Why datey? • datey

library(datey)

Calculating per annum rates from date input data

Mortality rates, valuation assumptions and many other actuarial quantities are defined per year, but the data they are applied to – dates of birth, dates of death, policy anniversaries, valuation dates – are measured in days.

It’s common to treat mapping dates onto an annual scale as trivial, but consider these two calculations:

‘Add half a year’ twice starting from 2000‑01‑01. Does this land on the same point in time as a single ‘add one year’ step? With most day-based arithmetic, the answer is no – the result depends on how you split the year up, and on the order in which you do the additions.
‘Add one year’ to 2024‑02‑29. There is no 2025‑02‑29, so is it 2025‑02‑28 or is it 2025‑03‑01? Both are defensible, and different tools (and different people) choose differently.

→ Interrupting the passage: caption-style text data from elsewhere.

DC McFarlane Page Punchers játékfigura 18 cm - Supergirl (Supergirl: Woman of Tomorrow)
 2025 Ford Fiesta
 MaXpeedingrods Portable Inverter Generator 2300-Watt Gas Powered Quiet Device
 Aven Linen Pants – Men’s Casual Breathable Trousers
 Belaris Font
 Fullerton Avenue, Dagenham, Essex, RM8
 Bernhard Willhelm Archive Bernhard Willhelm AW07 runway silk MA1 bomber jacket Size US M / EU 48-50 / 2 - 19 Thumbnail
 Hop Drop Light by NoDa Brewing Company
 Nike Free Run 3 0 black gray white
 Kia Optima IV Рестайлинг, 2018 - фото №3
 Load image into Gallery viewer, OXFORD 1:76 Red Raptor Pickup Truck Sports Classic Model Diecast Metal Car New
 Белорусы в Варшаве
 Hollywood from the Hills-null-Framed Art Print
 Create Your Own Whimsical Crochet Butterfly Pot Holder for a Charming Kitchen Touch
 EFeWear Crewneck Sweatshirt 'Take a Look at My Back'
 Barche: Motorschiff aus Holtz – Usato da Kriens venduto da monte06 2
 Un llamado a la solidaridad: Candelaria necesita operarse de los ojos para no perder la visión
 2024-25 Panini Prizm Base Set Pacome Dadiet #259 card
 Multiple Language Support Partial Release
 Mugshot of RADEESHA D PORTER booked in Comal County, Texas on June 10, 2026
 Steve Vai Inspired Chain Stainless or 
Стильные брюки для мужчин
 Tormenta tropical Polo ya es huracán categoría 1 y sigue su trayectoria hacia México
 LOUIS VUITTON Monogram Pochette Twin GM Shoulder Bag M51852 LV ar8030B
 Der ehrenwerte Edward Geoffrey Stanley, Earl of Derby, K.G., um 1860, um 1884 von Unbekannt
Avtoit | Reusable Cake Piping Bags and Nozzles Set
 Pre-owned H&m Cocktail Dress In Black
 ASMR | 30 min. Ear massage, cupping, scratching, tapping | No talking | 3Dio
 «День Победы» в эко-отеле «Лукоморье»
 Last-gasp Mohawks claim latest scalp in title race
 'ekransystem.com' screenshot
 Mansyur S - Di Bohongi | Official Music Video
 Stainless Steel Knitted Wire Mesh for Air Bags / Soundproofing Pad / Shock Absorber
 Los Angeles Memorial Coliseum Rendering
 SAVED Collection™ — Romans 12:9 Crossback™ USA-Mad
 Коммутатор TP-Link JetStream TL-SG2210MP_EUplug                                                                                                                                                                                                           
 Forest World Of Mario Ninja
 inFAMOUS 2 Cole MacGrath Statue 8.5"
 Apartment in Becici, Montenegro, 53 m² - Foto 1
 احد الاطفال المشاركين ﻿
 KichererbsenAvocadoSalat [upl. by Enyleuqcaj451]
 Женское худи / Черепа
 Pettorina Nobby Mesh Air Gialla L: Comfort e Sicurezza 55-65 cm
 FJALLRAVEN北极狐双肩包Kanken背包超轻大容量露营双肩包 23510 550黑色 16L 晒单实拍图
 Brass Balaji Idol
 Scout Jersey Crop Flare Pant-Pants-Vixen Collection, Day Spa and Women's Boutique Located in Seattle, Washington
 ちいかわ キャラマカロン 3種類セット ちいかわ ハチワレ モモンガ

For a single ad hoc calculation we usually ignore the ambiguity and do ‘something sensible’. But actuarial modelling typically entails thousands or even millions of these calculations, and so it is important to ensure that they produce consistent results.

An annual grid of clicks

datey picks a single standardised and precise mapping from dates to clicks, where one click is 1 / 534 360 of a year, a number chosen so that 1/365 and 1/366 of a year, and useful fractions of days and years, are represented exactly.

Dates (datey) and durations (durationy) are stored internally as a count of clicks, which means that date and duration calculations reduce to plain old integer arithmetic.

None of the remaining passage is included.